Integrated Mechanism of Lysine 351, PARK2, and STUB1 in AβPP Ubiquitination

Intracellular accumulation of aggregated amyloid-beta, misfolded and non-functional proteinopathy, is the hallmark feature in Alzheimer's disease (AD). There are several mechanisms to clear the amyloid burden in a cell, including transcytosis across the blood-brain barrier, immune mediated, lysosomal pathway associated autophagy, enzymatic degradation by insulin degrading enzyme/neprilysin, and the proteasomal pathway. Among them, the ubiquitin proteasome system (UPS) is playing a critical role to prevent the intracellular amyloid-beta deposition and to clear off the cellular burden in association with ubiquitin E3 ligase enzymes in AD. For ubiquitination, lysine moiety in a protein acts like a docking site for the attachment of ubiquitin molecule and different lysine residues act differently in this reaction.
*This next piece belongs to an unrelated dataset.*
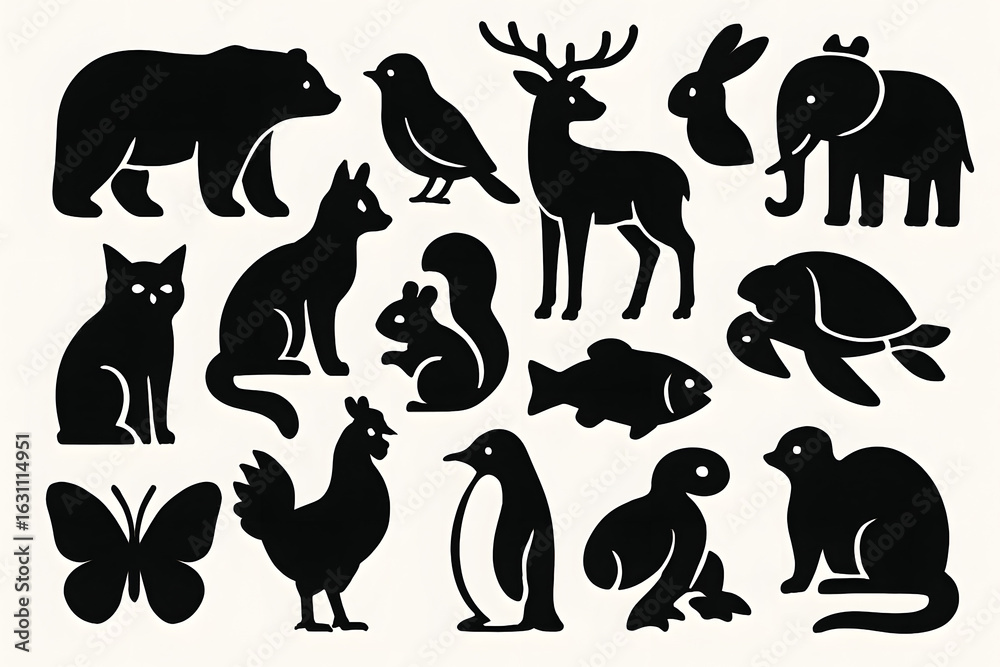 Naklejka premium Silhouetted Animal Collection: A captivating array of silhouetted animal figures, each meticulously crafted to highlight the beauty and uniqueness of wildlife.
Therefore, it is pertinent to understand and link the role of various lysine residues along with their effector molecules, for instance, E3 ligases PARK2 and STUB1 in the ubiquitination cascade. Herein, we 1) modeled the structure of A beta PP and determined its topologies and studied the impact of lysine residues in A beta PP stability, 2) reported K351 as the most promising target for A beta PP ubiquitination, 3) investigated the plausible role of lysine residues in non-covalent interactions mediated ubiquitin positioning in the ubiquitination, 4) detected conserved amino acids that is crucial for A beta PP ubiquitination, and 5) identified the key ubiquitination enzymes and their interaction network playing major role in the ubiquitination of A beta PP.